A full-blown recession isn’t necessary to make the gap bigger in a hurry. All it will take is a bad year for a few thousand of the state’s highest-earning households, which already bear a disproportionately large share of the tax burden. It’s already happened once in this decade. Between 2001 and 2003, a sharp drop in state revenues could be traced primarily to a decrease in the incomes of New Yorkers earning more than $200,000.

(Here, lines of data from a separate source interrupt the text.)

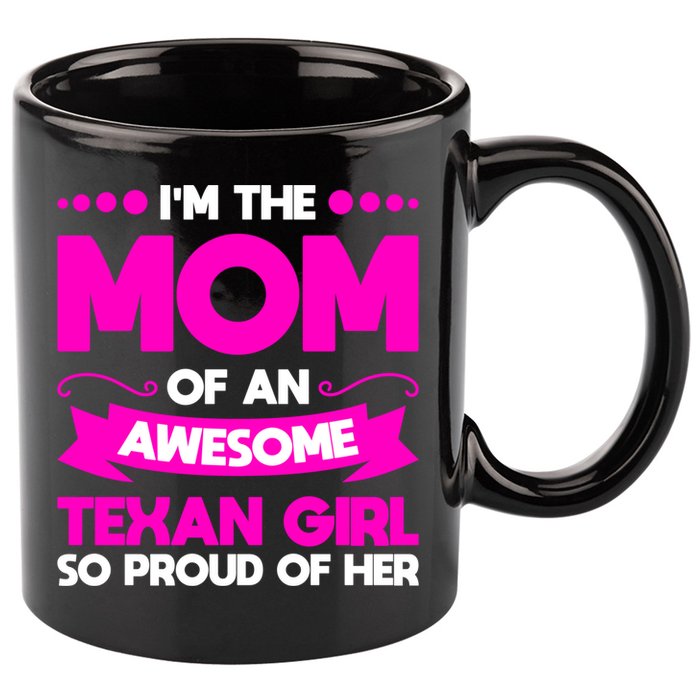 I'm The Mom Of An Awesome Texan Western Gift 11oz C Handle Ceramic Mug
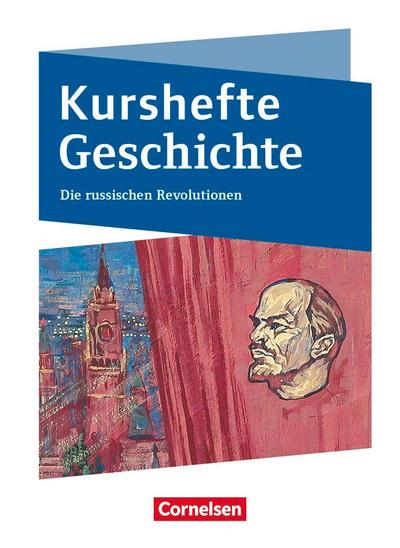 Kurshefte Geschichte Niedersachsen. Die russischen Revolutionen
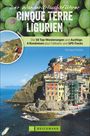 Michael Pröttel: Wanderurlaubsführer Cinque Terre Ligurien, Buch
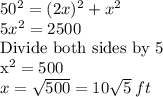 50^2=(2x)^2+x^2\\5x^2=2500\\$Divide both sides by 5\\x^2=500\\x=\sqrt{500}=10\sqrt{5}  \:ft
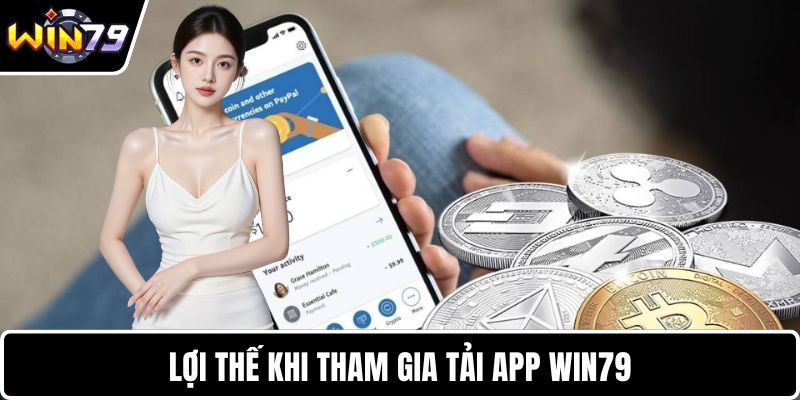 Lợi thế khi tham gia tải app WIN79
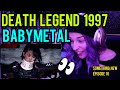 REACTION | BABYMETAL "DEATH LEGEND 1997" | SOMETHING NEW EP. 16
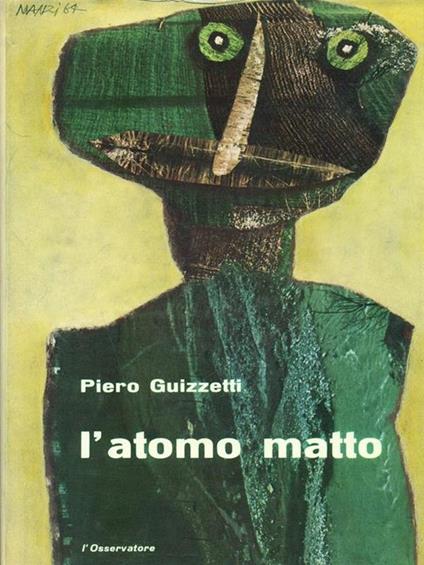 L' atomo matto - Piero Guizzetti - copertina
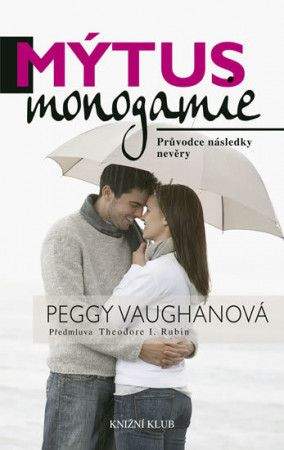 Peggy Vaughan: Mýtus monogamie - Průvodce následky nevěry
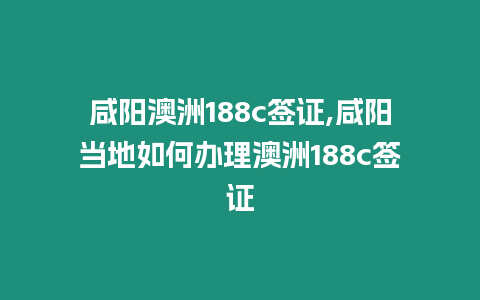 咸陽澳洲188c簽證,咸陽當(dāng)?shù)厝绾无k理澳洲188c簽證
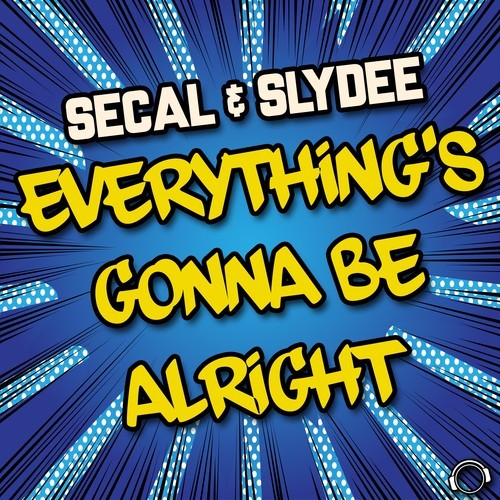 SECAL, Slydee, Ken Grassive, Uccello, Dexton, Wes V-Everything's Gonna Be Alright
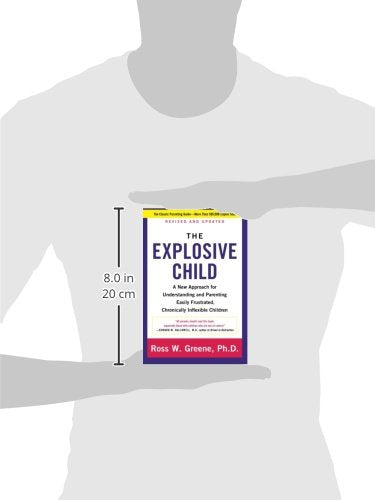 The Explosive Child [Fifth Edition]: A New Approach For Understanding And Parenting Easily Frustrated, Chronically Inflexible Ch,New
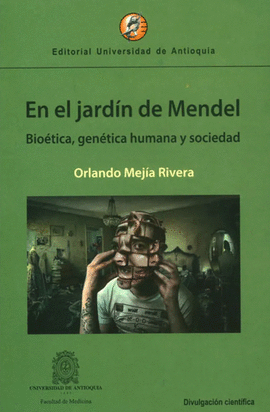 EN EL JARDIN DE MENDEL. BIOTICA, GENTICA HUMANA Y SOCIEDAD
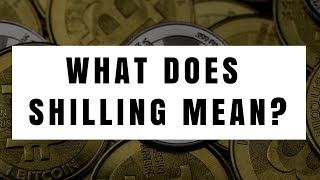 What Does Shilling Mean in Crypto [upl. by Tuchman]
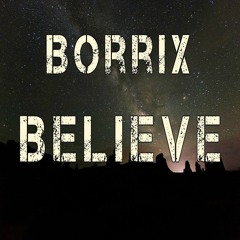 Borrix - Believe (Original Mix)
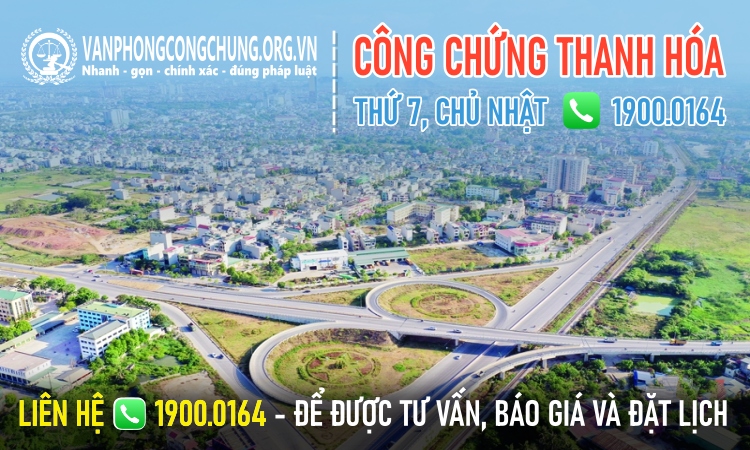 Dịch vụ công chứng trọn gói ở TP Thanh Hóa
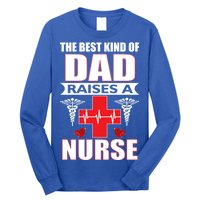 The Best Kind Of Dad Raises A Nurse Long Sleeve Shirt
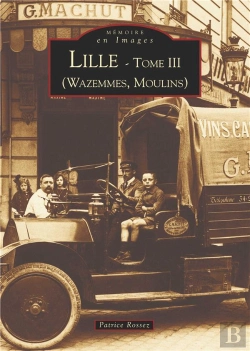 Bertrand.pt - Lille Tome 3 ; Wazemmes, Moulins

The latest financial market gyrations could be just a blip, allowing state politicians a few more years of smooth sailing without tough decisions. But another day of fiscal reckoning for Spitzer is just a few years down the road. President Bush’s federal tax cuts played a crucial role in lifting New York’s economy out of the ashes of 9/11 and the last stock market downturn. Bush’s lower tax rates are set to expire in 2010 – and Democrats in Congress are clearly willing to let it happen, at least in the highest brackets.
An increase in marginal federal tax rates on high earners and investors will prompt them to minimize their taxable incomes, which in turn will suppress revenue growth in New York state. It happened in the early 1990s – and it will surely happen again if Bush’s cuts are undone.
And so, even if the current storm blows over and the stock market indexes resume their happy march upward, the end of the decade could witness an ironic spectacle: Eliot Spitzer celebrating the arrival in the White House of a fellow Democrat whose economic program blows a hole in New York’s tax base – just in time for the state’s next gubernatorial election in 2010.